Review: Guiltless ‘Thorns’ EP
The EP is a much maligned and vastly underused medium. Whether it allows a young kid to get the essence of an album without spending all of his pocket money (I’m looking at you, Seals The Sense by Paradise Lost) or it allows a spontaneous creative burst between albums, the EP has a special place in my music experience.
The recent rise of vinyl as the plastic of choice for many bands and labels has perhaps had the happy side effect of disrupting the ‘let’s fill a CD right out to its eighty-minute edges’ phenomena of the noughties, but all too often we still get fed filler tracks which never should have escaped the demo tapes. I always feel that a new band testing the water and their respective skills with the recording of an EP is a great idea, and the Thorns EP by Guiltless only serves to confirm this view.
Thorns arrives in the world on 23rd February ’24 via Neurot Recordings and serves as Guiltless’ debut release, but this is hardly the first rodeo of the four members.

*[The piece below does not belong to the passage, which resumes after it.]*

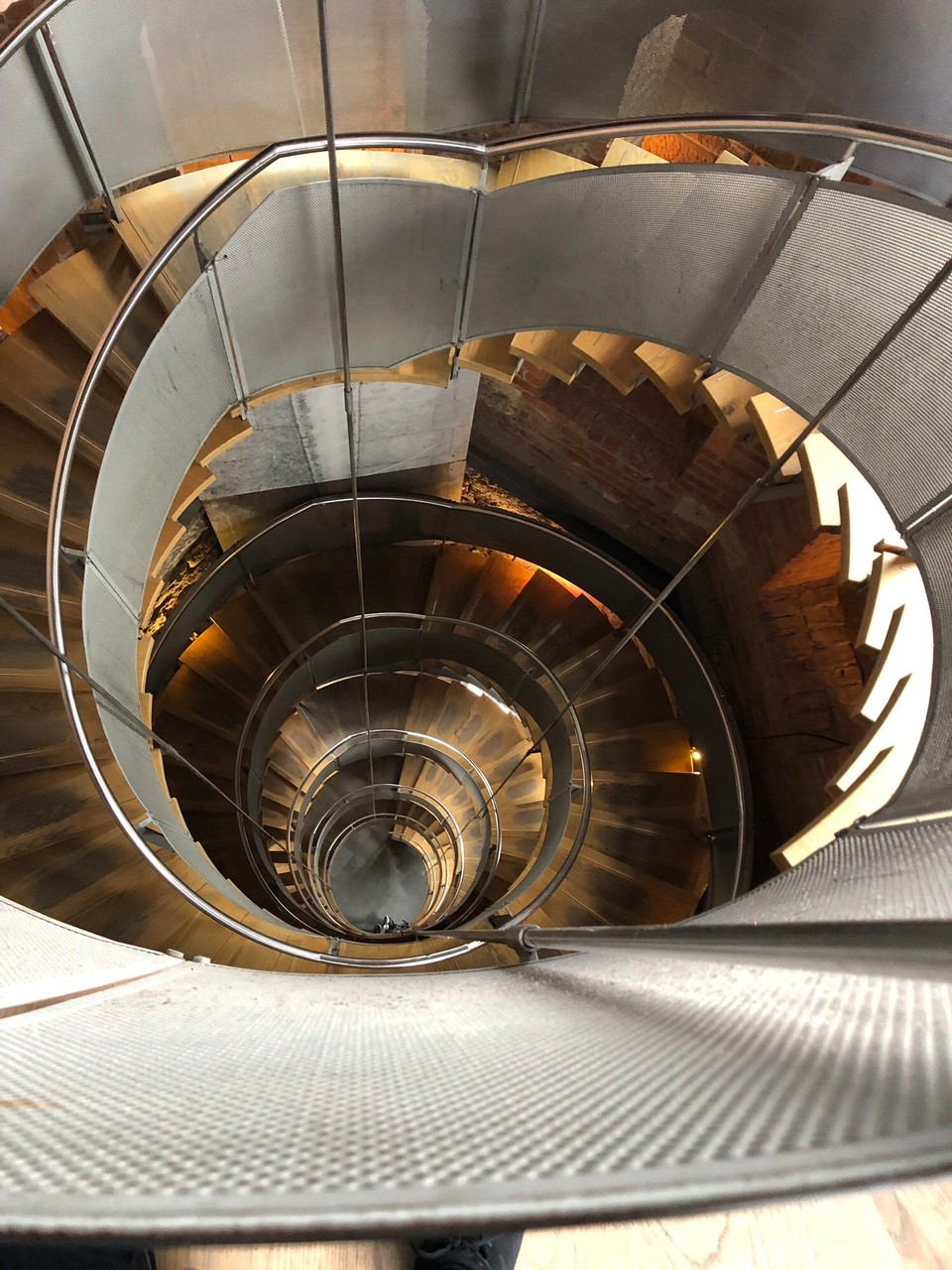 Vereinigtes Königreich - Glasgow - Im Lighthouse eben oben angekommen. Ja diese Wendeltreppe habe ich erfolgreich bezwungen.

Amongst their former and current bands they count A Storm Of Light, Intronaut and Generation Of Vipers… so these aren’t kids pissing about with a Peavey Bandit amp in the backroom of a community hall – for them to get together we should assume that something wicked this way comes.
Clocking in at just under twenty-five minutes, but strangely if you absorb it properly in one sitting it feels longer than that. Not because of anything negative, more because by the end of closer In Radiant Glow it feels like you’ve been through the wringer – emerging tired and aching on the other side. The impact and weight that this record has is even more impressive when you take into account that it was all recorded remotely by the four members – apparently not once coming together in the same room. What was expected to be a demo tape during the production process has come out as a fully cohesive piece.
Guiltless bring us a nihilistic and borderline defeatist view of the world on Thorns. Lyrically we are taken through visions of a post-annihilation future, and musically this is heavy, sludgy and industrial. The sound is unlike anyone else that I can name, and I struggled to figure out why that was for weeks. Having lived with the EP for a while, I think the bass-heavy sludge riffs combined with the precise drumming create this unique feel. Whether this is by design or by accident, it sets Guiltless apart.
Thorns is as exciting an introduction to a band that I’ve heard in a long time…
Devour Collide begins with thirty seconds of relative quiet before the first guitar riff drops from a great height. Quickly followed by Josh Graham’s vocals which are harsher than we’ve heard before, but happily still delivering the lyrical message in a way that can be understood and absorbed. ‘No gods, no devils… only noise and scars’, we get the point pretty quickly here!
All We Destroy begins with heavily phased guitars, which serves to enhance the vaguely futuristic and dystopian nature of the whole Guiltless sound. If anything, the track ups the ante further in terms of heaviness. With only four tracks on offer there is really no need for Guiltless to provide any respite, and none is offered.
Dead Eye is perhaps the simplest track in terms of guitar and bass, but it offers some thunderous drumming from Billy Graves which elevates the whole track. This is certainly the bleakest point from a lyrical standpoint – the depths of darkness before the smallest glint of light appears (if you squint really long and hard) with In Radiant Glow. If everything dies then it can only get better, right?
A full-length album is already in the works – with the four band members all now bringing their own presents and presence to the party. Having said how perfectly the EP format fits this level of intensity, I wonder where they will go and how an extended runtime will work. However they end up transforming and sounding in the future, Guiltless will be worth following. Thorns is as exciting an introduction to a band that I’ve heard in a long time.